The Friedmans describe the ''tyranny of the status quo'' as a political inertia characterized by ''an iron triangle of beneficiaries, politicians, and bureaucrats.'' It amounts to a democratic version of European conservatism, in which special interests strive to maintain positions of privilege.
This book is somewhat eclectic, though predominantly pro-free-market, as one would expect of the Friedmans. Economically, the explanation of inflation and the fascination with price indices is vintage monetarism. The idea of using fiscal policy to compensate for the business cycle is Keynesian. The frequent mention of the incentives to which individuals respond introduces a pronounced supply-side flavor.
Politically, the William Simon-like verbal assault against big government is conservative. The recommendation of legalizing underground narcotics is distinctly libertarian. Occasional lapses into interventionistic positions and free market rhetoric with loopholes are obvious concessions to liberals.

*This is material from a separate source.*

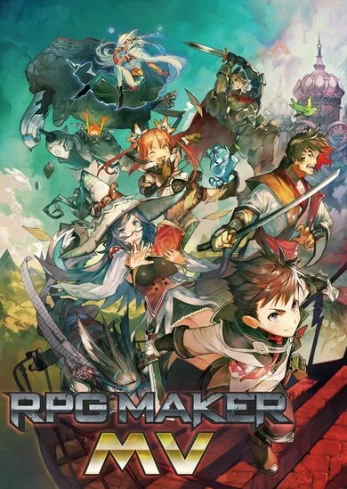 RPG Maker MV PC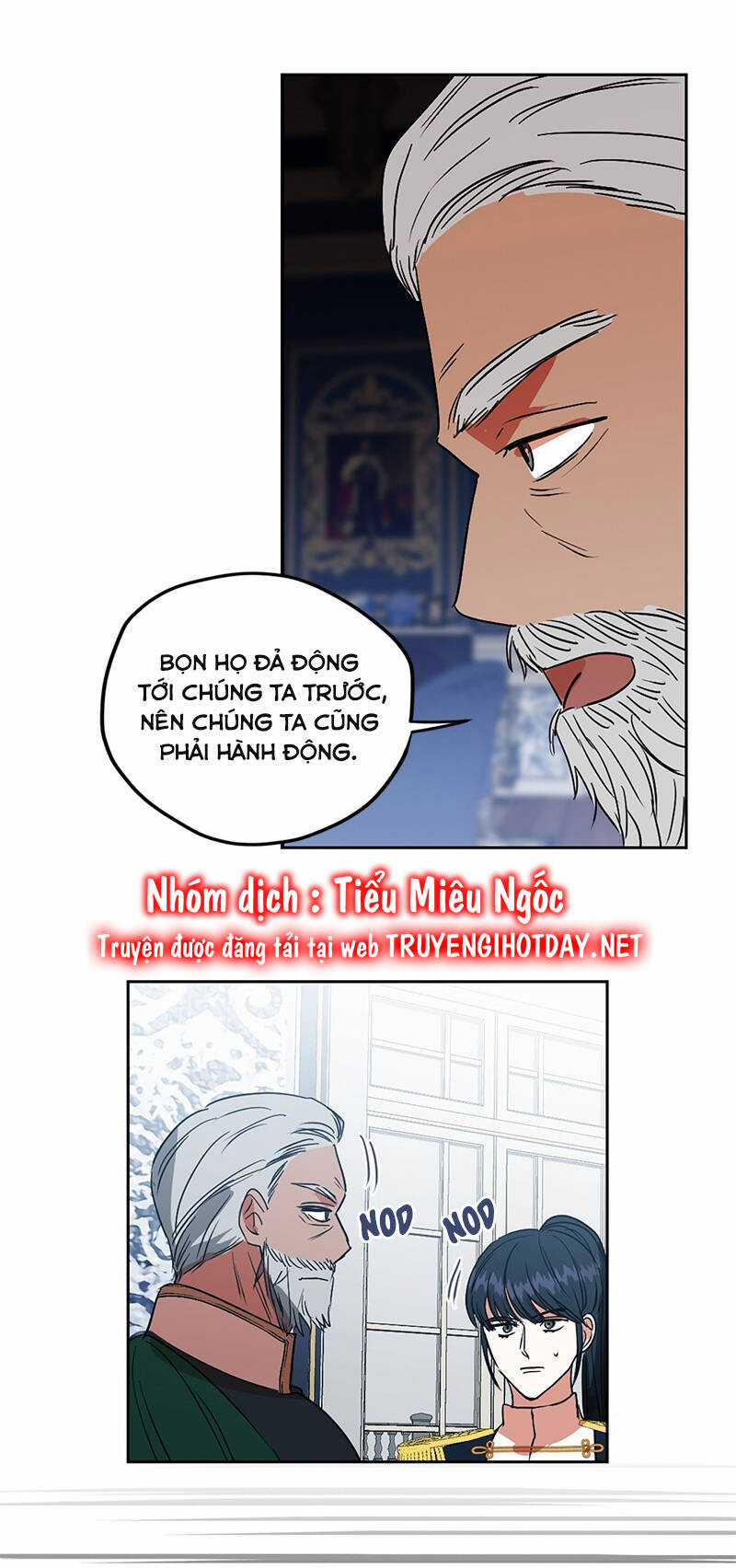 Ta Muốn Biến Phu Quân Thành Bá Chủ Chapter 96 trang 47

In short, this is a minor book which is little more than a postscript to the Friedmans' best seller, ''Free to Choose.'' Still, designed for popular audiences as it is, ''Tyranny of the Status Quo'' will find its niche among those who are chafing under the burden of government. For many, though, the summary given in the last chapter (three-plus pages) will suffice. The unusually lucid discussion of the ''balance of trade'' problem (pp. 124-129) is also recommended.